I remember when Jon and I began dating, and spent time with each other’s families. We each brought up some funny and odd things about each other’s family of origin. Is it always like this? Has so and so always acted this way and everyone accepts it? The interesting part? Neither one of us had seen clearly the issues within our own families. We had been living with it for a lifetime, and particular patterns had become our normal. The obvious dumpster in the street had become invisible.


I am praying for clear eyes and a willingness to continually be killing sin and confronting it head-on. I most likely have fewer days on this earth ahead of me than behind me, and I want them to count. Belonging to Jesus means that the Holy Spirit is within me, and I am his image-bearer. The fruit of the Spirit (Galatians 5:22) is attractive and freeing: simply Christ in us. We yield to him. If any person is continually displaying the works of the flesh (Galatians 5:19-20) Scripture warns that the kingdom of God will not be granted.

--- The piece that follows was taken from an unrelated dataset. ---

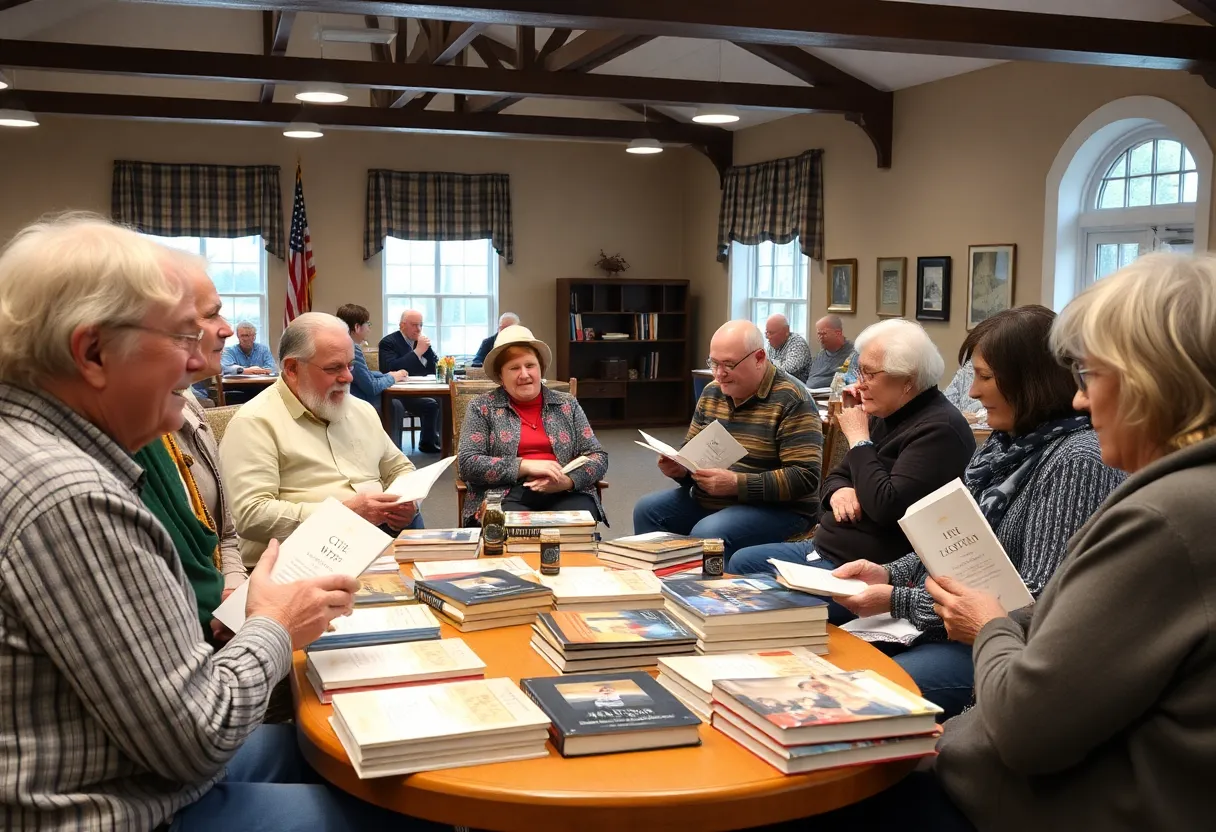 Attendees engaged in a discussion about the Sherman Memoirs at a community center.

How do we “see” these proclivities in our own lives? I wondered recently. Here goes:

Ask yourself what it is you most fiercely protect. This will most likely lead you to your vulnerabilities. If my answer is money, then my sin-bent might be stinginess, overworking, spending sprees, or jealousy over “never enough.” If my answer is reputation, then my sin-bent will be keeping up false pretenses, or longing for adoration, or anger over lack of recognition. If my answer is addiction, my sins will most likely include lying and cheating and hiding and selfishness. If my answer is control, then I will sin by domineering others, bossing, and not trusting the Lord in outcomes. If my answer is family, then I will sin by enabling to keep peace at all costs, or sin by keeping a hyper-vigilance in guarding every nanosecond of my children’s life, or becoming defensive on my family’s behalf too quickly.

What do you most fiercely protect? Ask God to show you. He will.


That old dumpster in our street is finally gone. Good riddance.